01 MAR 2011
By Leigh Phillips
EUOBSERVER / BRUSSELS - New proposals on joint economic governance put forward by European Commission President Jose Manuel Barroso and EU Council chief Herman Van Rompuy on Monday (28 February) have failed to overcome resistance from some member states.
Monday's debate in Brussels was "just a step forward, but things for some are still not satisfactory. There was something like a wait-and-see attitude" a diplomat from one northern European country said. "There definitely wasn't a breakthrough, but it also wasn't a flop either."
The Barroso-Van-Rompuy blueprint is designed to overcome resistance to an earlier Franco-German "Competitiveness Pact' by tweaking some of its proposals.
Under the Barroso-Van-Rompuy version, enforcement of competitiveness will be overseen by the European Commission rather than the member states themselves.
The Barroso-Van-Rompuy plan does contain a requirement that German-style 'debt brakes' be implemented across the eurozone, however. Resistance to this element comes from those who do not want to open the Pandora's Box of constitutional amendments this could entail.

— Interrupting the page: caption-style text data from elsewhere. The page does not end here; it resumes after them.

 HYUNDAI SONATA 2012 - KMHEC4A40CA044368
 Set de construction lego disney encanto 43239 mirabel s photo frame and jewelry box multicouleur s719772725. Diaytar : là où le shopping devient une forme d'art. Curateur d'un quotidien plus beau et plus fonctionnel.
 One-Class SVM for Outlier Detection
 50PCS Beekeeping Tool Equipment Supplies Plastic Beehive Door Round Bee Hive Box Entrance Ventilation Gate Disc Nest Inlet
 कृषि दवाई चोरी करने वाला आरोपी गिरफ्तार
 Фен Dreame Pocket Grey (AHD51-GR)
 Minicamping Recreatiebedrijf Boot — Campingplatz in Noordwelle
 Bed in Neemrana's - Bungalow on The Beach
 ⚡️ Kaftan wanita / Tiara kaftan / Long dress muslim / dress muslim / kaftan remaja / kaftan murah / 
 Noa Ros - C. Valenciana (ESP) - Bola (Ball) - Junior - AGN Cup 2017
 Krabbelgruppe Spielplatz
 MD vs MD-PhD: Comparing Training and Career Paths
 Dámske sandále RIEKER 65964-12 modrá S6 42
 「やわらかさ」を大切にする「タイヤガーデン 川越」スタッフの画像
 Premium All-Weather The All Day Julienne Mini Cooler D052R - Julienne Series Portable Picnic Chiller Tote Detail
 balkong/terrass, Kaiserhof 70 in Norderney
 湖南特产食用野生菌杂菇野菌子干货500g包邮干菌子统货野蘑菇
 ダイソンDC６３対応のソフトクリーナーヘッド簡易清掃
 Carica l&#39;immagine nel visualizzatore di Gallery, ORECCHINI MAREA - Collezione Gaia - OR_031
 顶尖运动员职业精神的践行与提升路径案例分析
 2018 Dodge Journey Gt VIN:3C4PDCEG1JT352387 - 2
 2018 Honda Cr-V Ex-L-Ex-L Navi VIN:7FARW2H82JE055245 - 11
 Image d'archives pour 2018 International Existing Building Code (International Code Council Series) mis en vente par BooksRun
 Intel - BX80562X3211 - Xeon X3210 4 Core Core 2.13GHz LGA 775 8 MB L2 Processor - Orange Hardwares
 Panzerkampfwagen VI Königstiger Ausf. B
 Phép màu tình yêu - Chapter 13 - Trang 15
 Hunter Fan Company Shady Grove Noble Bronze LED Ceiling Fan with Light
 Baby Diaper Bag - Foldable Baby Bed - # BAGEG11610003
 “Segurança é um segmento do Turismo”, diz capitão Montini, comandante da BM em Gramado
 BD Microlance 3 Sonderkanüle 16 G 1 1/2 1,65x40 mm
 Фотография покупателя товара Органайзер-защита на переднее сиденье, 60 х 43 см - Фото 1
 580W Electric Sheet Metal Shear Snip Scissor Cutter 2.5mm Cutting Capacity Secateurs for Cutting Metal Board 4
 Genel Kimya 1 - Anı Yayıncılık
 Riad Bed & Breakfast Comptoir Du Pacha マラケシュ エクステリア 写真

Opposition to the Franco-German pact also revolved around the proposal that countries that maintain inflation-indexed wage systems abandon this practice. Belgium and Luxembourg in particular were resistant.
Under a compromise in the new rules, these systems can remain, but in such circumstances governments would be required to develop other ways to reduce wages. A monitoring system would also be introduced, keeping an eye on wage and productivity levels in the different states and a mechanism for their reduction should they become a threat to competitiveness.
Even after the presentation of the new compromise, the issue of wage moderation remains "tricky" according to another EU diplomat.